Learning rate schedule for Adam
Learning rate: 0.000060
Pi model 
Epoch: [1199][0/367]    Time 1.046 (1.046)  Data 0.924 (0.924)  Loss 0.0090 (0.0090)    LossPi 0.0022 (0.0022)  Prec@1 100.000 (100.000)    Prec@5 100.000 (100.000)
Epoch: [1199][100/367]  Time 0.146 (0.138)  Data 0.000 (0.024)  Loss 0.0109 (0.0089)    LossPi 0.0018 (0.0028)  Prec@1 100.000 (99.982) Prec@5 100.000 (100.000)
Epoch: [1199][200/367]  Time 0.119 (0.141)  Data 0.000 (0.022)  Loss 0.0072 (0.0085)    LossPi 0.0009 (0.0030)  Prec@1 100.000 (99.987) Prec@5 100.000 (100.000)
Epoch: [1199][300/367]  Time 0.123 (0.141)  Data 0.000 (0.021)  Loss 0.0079 (0.0084)    LossPi 0.0011 (0.0029)  Prec@1 100.000 (99.991) Prec@5 100.000 (100.000)
Valid: [0/23]   Time 0.509 (0.509)  Loss 0.7784 (0.7784)    Prec@1 84.000 (84.000)  Prec@5 96.889 (96.889)
 ****** Prec@1 79.180 Prec@5 97.220 Loss 0.947 
Test: [0/45]    Time 0.463 (0.463)  Loss 0.9564 (0.9564)    Prec@1 80.444 (80.444)  Prec@5 97.333 (97.333)
 ****** Prec@1 78.330 Prec@5 97.420 Loss 1.002 
Best test precision: 78.650

Haven't run the baseline WRN 28-2, but it seems far away from the numbers reported in the paper. On the positive side, the results must be better than WRN28-2, because they are already better than WRN28-3 performance.

Wonder if the official TensorFlow code can reproduce the paper result.. :(

Jongchan commented 5 years ago

In the TensorFlow version, I was able to get the numbers reported in the paper. I can safely think the official code works well with SSL methods, too. I will validate that after, tho. One thing to notice in the official code is that they don't use any regularizations. Kinda different from the NeurIPS paper (and suppl).
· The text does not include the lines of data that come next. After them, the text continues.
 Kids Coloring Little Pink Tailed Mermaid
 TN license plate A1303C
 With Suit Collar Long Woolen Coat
It may take a while to thoroughly go over the code, but currently I suspect that the inferior result in this repository is due to possibly different normalization or different split. I will report back after running with the same data and split.

CheukNgai commented 5 years ago

@Jongchan Hi, i am working on the reproduction of the paper in pytorch too. I've checked the wideresnet implementation and find "activation before res" set wrong in comparison with the TF code. I think you can have a try on this issue.
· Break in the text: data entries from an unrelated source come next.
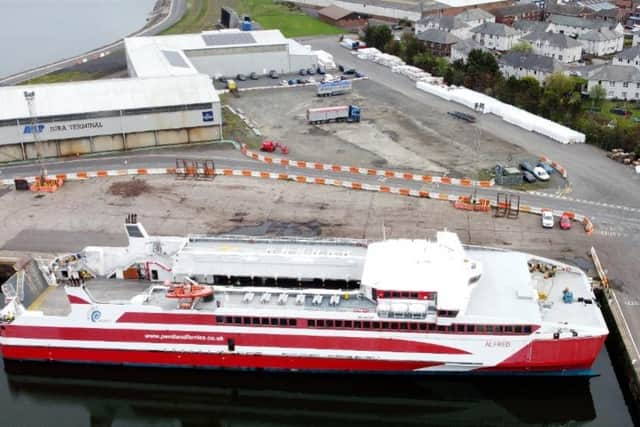 Alfred in Ayr harbour on Wednesday. Picture: John Devlin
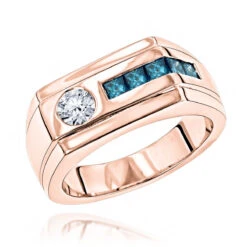 Unique 1 Carat White And Blue Diamonds Ring For Men 14K White Gold By Luxurman -Luxurman unique 1 carat white and blue diamonds ring for men in 14k gold by luxurman ro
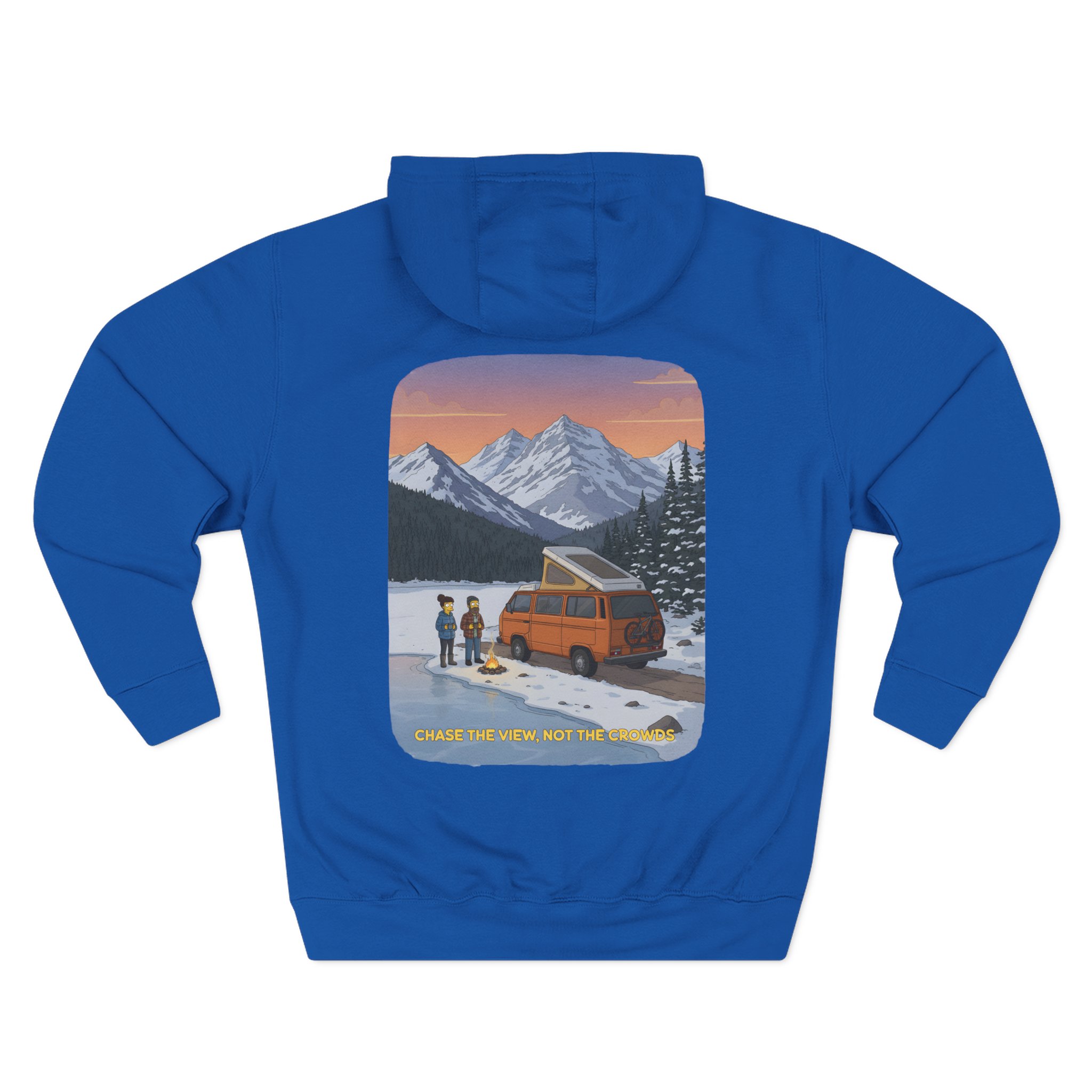 Three-Panel Fleece Hoodie - "Chase The Views-Not The Crowds"" Design Sitcom-Line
Jongchan commented 5 years ago

@CheukNgai Hi, currently I am not using the code from this repository. But as you pointed out, it seems they are using the opposite settings from TF implementation. I missed that point. I am currently using codes from https://github.com/xternalz/WideResNet-pytorch/blob/master/wideresnet.py and changed ReLU to LeakyReLU.
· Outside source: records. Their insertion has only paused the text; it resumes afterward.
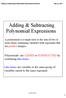 Adding & Subtracting Polynomial Expressions
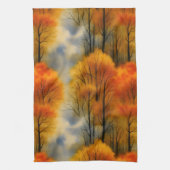秋の素朴森 – 秋の水彩 キッチンタオル (縦)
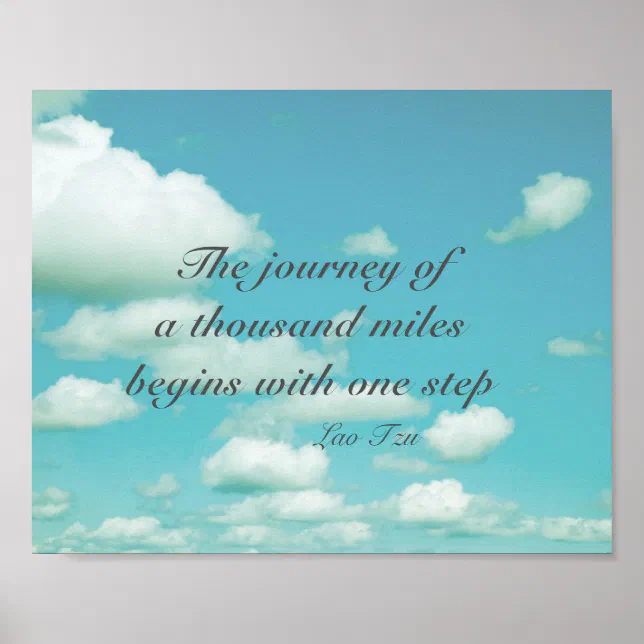 motivational poster zen quote on blue sky photo | Zazzle
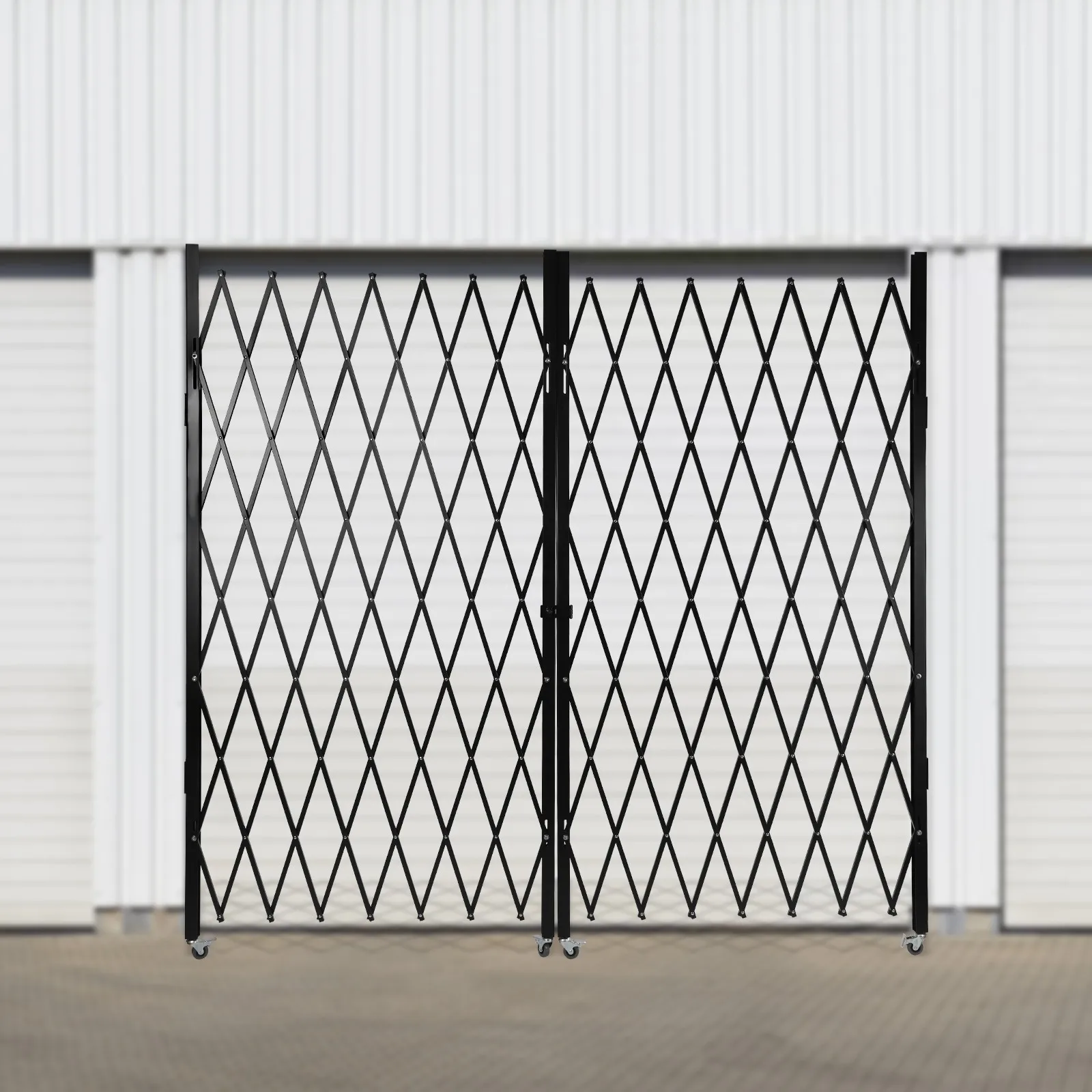 

Double Folding Security Gate Home Commercial Use Scissor Type 360 Degree Rolling Door Adjustable Size Protection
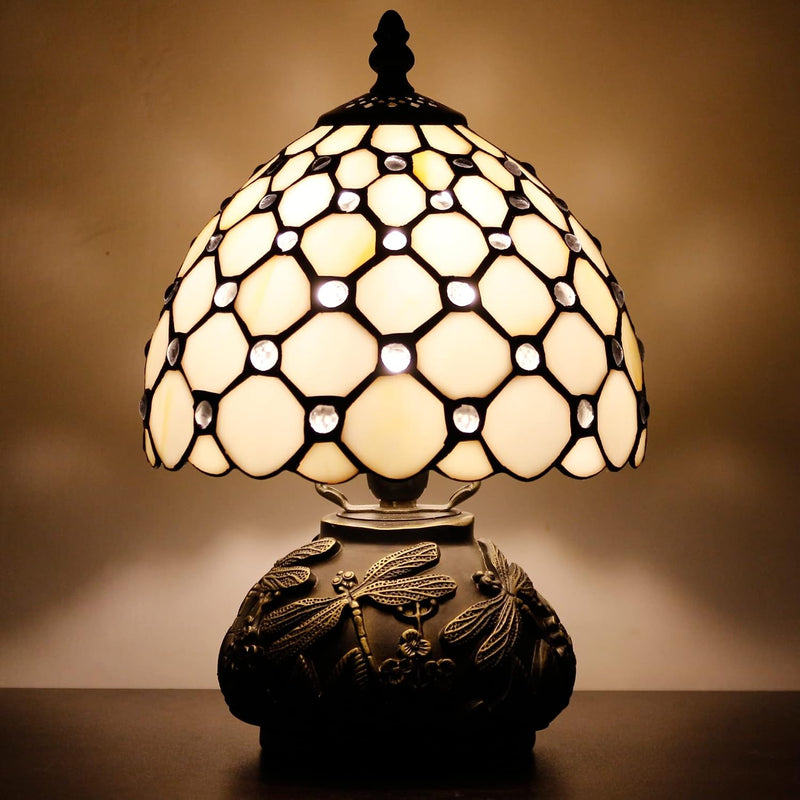 Small Tiffany Lamp Mini Stained Glass Table Pearl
Now I can safely achieve baseline performance in the NeurIPS paper, around 20.2~20.4% error rate with plain WRN28-2. Mostly I've changed data pre-processing (the normalization part), and removed L1 / L2 regularization.

Counter-intuitively, removing L1/L2 regularizations improves top-1 accuracy, even if CIFAR-10 is a highly-overfittable dataset.

CheukNgai commented 5 years ago

@Jongchan could you give more details on the your implementation on preprocessing? It would help me a lot! Thank you!

Jongchan commented 5 years ago

@CheukNgai Sorry, my comment must have mislead you. I just used the same preprocessing as mentioned in this repository's readme (GCN and ZCA) with gaussian noise with std 0.15. I used mean-std normalization before.

Anyways, try removing L1/L2, or set L1 as a very very small number.